Cloudflare: Making Network Error Logging Private with DAP and DP
Cloudflare has been exploring the use of the Distributed Aggregation Protocol (DAP) in combination with Differential Privacy (DP) to make Network Error Logging (NEL) private. This use case demonstrates how PPM techniques can be applied to improve existing web technologies.
The system works as follows:
- Client-side error logging: When a client encounters a network error, instead of sending a detailed error report directly to the origin server, it prepares a privacy-preserving report.
- Report encryption: The client encrypts the report using the DAP protocol, splitting it into shares for multiple aggregators.
- Secure aggregation: The encrypted reports are sent to Cloudflare’s Daphne servers, which act as aggregators. These servers perform secure multi-party computation to aggregate the reports without seeing individual values.

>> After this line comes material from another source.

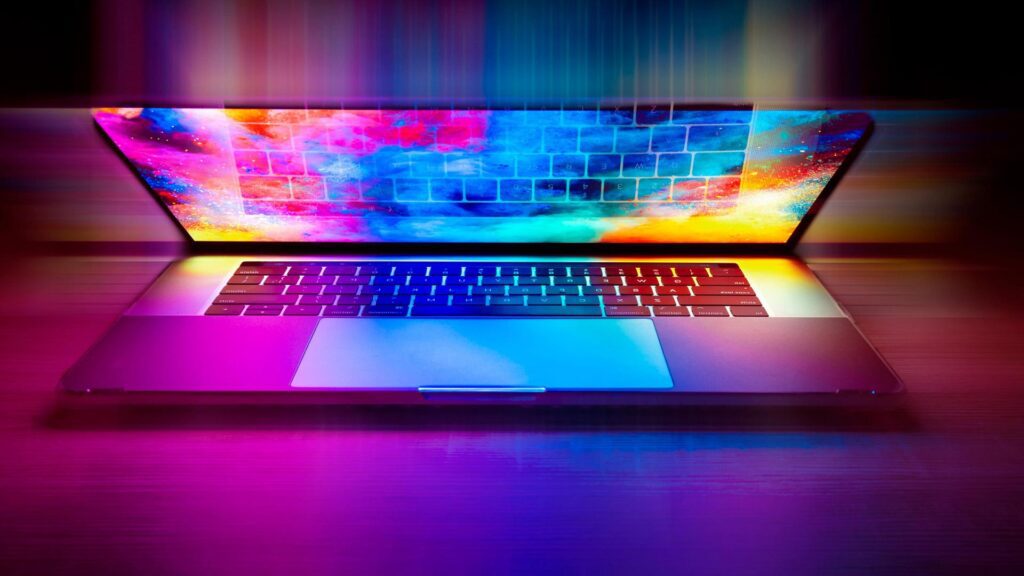 A half-closed laptop with a brightly coloured image of space on the screen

- Differential privacy: Noise is added to the aggregate results to achieve differential privacy. Cloudflare implements this using a distributed noise addition technique, where multiple non-colluding parties collaboratively add noise.
- Histogram generation: The system produces differentially private histograms of error types, allowing website owners to understand common network issues without compromising individual user privacy.
Key considerations in this implementation include:
- Privacy budget management: Cloudflare carefully manages the privacy budget (ε) across different types of queries and time periods.
- Batch size optimization: The system is designed to balance privacy and utility by adjusting batch sizes for aggregation.
- Error type encoding: Network errors are encoded into a fixed set of categories to enable efficient histogram generation.
- Timestamp precision: Report timestamps are rounded to reduce the risk of timing-based attacks while still providing useful temporal data.
This approach allows Cloudflare to provide valuable insights to website owners about network errors affecting their users, while strongly protecting individual user privacy. It showcases how existing web infrastructure can be enhanced with state-of-the-art privacy-preserving techniques.
By implementing DAP with differential privacy for NEL, Cloudflare demonstrates a practical application of PPM that could serve as a model for privacy-enhancing other types of web measurements and analytics.
Conclusion
The development of DAP has been driven by collaboration between researchers, technology companies, and standardization bodies, aiming to create a robust and flexible system that can be applied to various real-world privacy-sensitive data collection scenarios.
While PPM has made good progress, there are still challenges to overcome: performance and scalability for complex computations, balancing privacy and utility for different applications, standardising protocols and APIs for interoperability, and educating users and organisations on the benefits and limitations.
Research is ongoing in areas like more efficient secure multi-party computation protocols, advanced composition techniques for differential privacy, PPM-friendly machine learning and AI techniques, and verifiable computation to ensure protocol compliance.